--- Supplied data ---

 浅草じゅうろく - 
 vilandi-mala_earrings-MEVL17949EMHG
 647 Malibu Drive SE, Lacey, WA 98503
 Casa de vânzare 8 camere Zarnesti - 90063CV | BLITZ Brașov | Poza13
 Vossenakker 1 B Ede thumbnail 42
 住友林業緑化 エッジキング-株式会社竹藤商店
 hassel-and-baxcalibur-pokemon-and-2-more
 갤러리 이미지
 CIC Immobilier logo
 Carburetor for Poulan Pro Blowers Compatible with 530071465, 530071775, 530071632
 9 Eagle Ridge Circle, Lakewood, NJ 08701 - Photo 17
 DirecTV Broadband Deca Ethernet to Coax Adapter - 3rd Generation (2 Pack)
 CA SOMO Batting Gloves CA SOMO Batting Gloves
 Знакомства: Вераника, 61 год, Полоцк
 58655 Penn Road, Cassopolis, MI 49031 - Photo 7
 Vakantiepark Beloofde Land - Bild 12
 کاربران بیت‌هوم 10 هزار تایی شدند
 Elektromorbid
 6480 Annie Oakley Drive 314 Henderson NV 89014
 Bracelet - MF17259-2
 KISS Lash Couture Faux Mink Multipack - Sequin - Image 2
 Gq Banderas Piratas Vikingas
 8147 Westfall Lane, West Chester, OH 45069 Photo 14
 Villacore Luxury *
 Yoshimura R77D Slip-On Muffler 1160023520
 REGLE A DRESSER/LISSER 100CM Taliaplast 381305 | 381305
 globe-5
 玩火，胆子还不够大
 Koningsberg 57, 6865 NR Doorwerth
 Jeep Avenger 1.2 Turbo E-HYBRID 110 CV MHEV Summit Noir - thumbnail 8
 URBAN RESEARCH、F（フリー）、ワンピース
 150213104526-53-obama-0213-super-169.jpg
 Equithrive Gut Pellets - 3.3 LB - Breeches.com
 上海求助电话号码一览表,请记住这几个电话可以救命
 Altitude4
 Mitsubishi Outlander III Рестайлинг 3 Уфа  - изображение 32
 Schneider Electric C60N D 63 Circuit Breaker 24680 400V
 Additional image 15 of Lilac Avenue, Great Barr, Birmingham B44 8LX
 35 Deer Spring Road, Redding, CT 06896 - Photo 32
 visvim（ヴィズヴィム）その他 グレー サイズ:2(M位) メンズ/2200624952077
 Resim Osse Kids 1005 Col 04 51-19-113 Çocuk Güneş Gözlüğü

---

_About this exercise_
Your answer must be the lines from the first line of the records through the line containing "150213104526-53-obama-0213-super-169.jpg", copied exactly.

_Task output_
 浅草じゅうろく - 
 vilandi-mala_earrings-MEVL17949EMHG
 647 Malibu Drive SE, Lacey, WA 98503
 Casa de vânzare 8 camere Zarnesti - 90063CV | BLITZ Brașov | Poza13
 Vossenakker 1 B Ede thumbnail 42
 住友林業緑化 エッジキング-株式会社竹藤商店
 hassel-and-baxcalibur-pokemon-and-2-more
 갤러리 이미지
 CIC Immobilier logo
 Carburetor for Poulan Pro Blowers Compatible with 530071465, 530071775, 530071632
 9 Eagle Ridge Circle, Lakewood, NJ 08701 - Photo 17
 DirecTV Broadband Deca Ethernet to Coax Adapter - 3rd Generation (2 Pack)
 CA SOMO Batting Gloves CA SOMO Batting Gloves
 Знакомства: Вераника, 61 год, Полоцк
 58655 Penn Road, Cassopolis, MI 49031 - Photo 7
 Vakantiepark Beloofde Land - Bild 12
 کاربران بیت‌هوم 10 هزار تایی شدند
 Elektromorbid
 6480 Annie Oakley Drive 314 Henderson NV 89014
 Bracelet - MF17259-2
 KISS Lash Couture Faux Mink Multipack - Sequin - Image 2
 Gq Banderas Piratas Vikingas
 8147 Westfall Lane, West Chester, OH 45069 Photo 14
 Villacore Luxury *
 Yoshimura R77D Slip-On Muffler 1160023520
 REGLE A DRESSER/LISSER 100CM Taliaplast 381305 | 381305
 globe-5
 玩火，胆子还不够大
 Koningsberg 57, 6865 NR Doorwerth
 Jeep Avenger 1.2 Turbo E-HYBRID 110 CV MHEV Summit Noir - thumbnail 8
 URBAN RESEARCH、F（フリー）、ワンピース
 150213104526-53-obama-0213-super-169.jpg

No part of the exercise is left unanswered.